The indirection also enables us to write fast DDL operations like column rename (PHOENIX-2341) and metadata level column drops (PHOENIX-3680). Further, because these number based qualifiers are generally smaller (1 to 4 bytes) than column names, the disk size of tables is smaller which improves performance across the board.

To compare performance and disk space usage, we loaded 600 million rows of TPC-H data for LINEITEM table (downloaded from here) on to our test cluster using 1-byte qualifiers. HDFS disk size with column mapping was 40% smaller (100 GB) than with non-column mapped tables (160GB). As a consequence, the queries in the TPC-H benchmark against LINEITEM table (obtained from here) were also found to be 30-40% faster.

Column mapping also enables us to write custom projection and comparison filters that improve query performance as the number of columns being projected or filtered on go up (PHOENIX-3667). We did a test run where we compared query performance against non-column mapped and column mapped tables as the number of columns go up. As the graph below shows, as the number of columns projected increased, the performance gain by using the new filter also went up. 

Using column mapping is generally recommended unless you expect number of columns in your table and views on it to exceed 2147483647 (which is a lot!). Keep in mind though that for mutable tables this limit applies across all column families. For immutable tables, when using SINGLE_CELL_ARRAY_WITH_OFFSETS encoding scheme, this limit applies to per column family. In general, we expect that using a 2-byte column mapping scheme, which gives you 65535 columns, is good enough. One can override these defaults by using various table properties and configs. For more details on how to use column mapping and immutable data encoding, go here.

Immutable Data Encoding

The immutable storage scheme called SINGLE_CELL_ARRAY_WITH_OFFSETS packs columns belonging to a column family in a single cell.

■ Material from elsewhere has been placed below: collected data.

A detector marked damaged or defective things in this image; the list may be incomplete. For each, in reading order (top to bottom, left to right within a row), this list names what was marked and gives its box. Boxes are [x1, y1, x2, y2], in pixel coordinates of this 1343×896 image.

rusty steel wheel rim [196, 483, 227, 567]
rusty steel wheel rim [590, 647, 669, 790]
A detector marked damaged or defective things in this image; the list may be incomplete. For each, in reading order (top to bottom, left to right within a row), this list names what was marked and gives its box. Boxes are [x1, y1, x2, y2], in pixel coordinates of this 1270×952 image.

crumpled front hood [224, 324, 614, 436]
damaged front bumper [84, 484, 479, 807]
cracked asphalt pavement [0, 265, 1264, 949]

This drastically reduces the size of immutable data resulting in impressive size reduction and faster performance across the board.

To compare performance of queries for immutable encoded and non-encoded tables, we created a table with 25 VARCHAR non-pk columns, with each column name being 10 characters long having 15 character wide values. The table was dense i.e. more than 50% of the columns had values. HBase FAST_DIFF encoding was enabled which is the default with phoenix tables. All the queries were run with NO_CACHE hint to negate the effect of query performance because of block cache. We also made sure to take into consideration the effect of data being present in the OS page cache by ignoring query results for the first few runs.

As the graphs below show, using SINGLE_CELL_ARRAY_WITH_OFFSETS encoding drastically improves the performance for most kinds of queries. Data load time for 1M records using UPSERT with a batch size of 1000 was 3x faster. So were aggregate queries and queries that filtered on key value column. There was no significant impact on point queries though, which is expected.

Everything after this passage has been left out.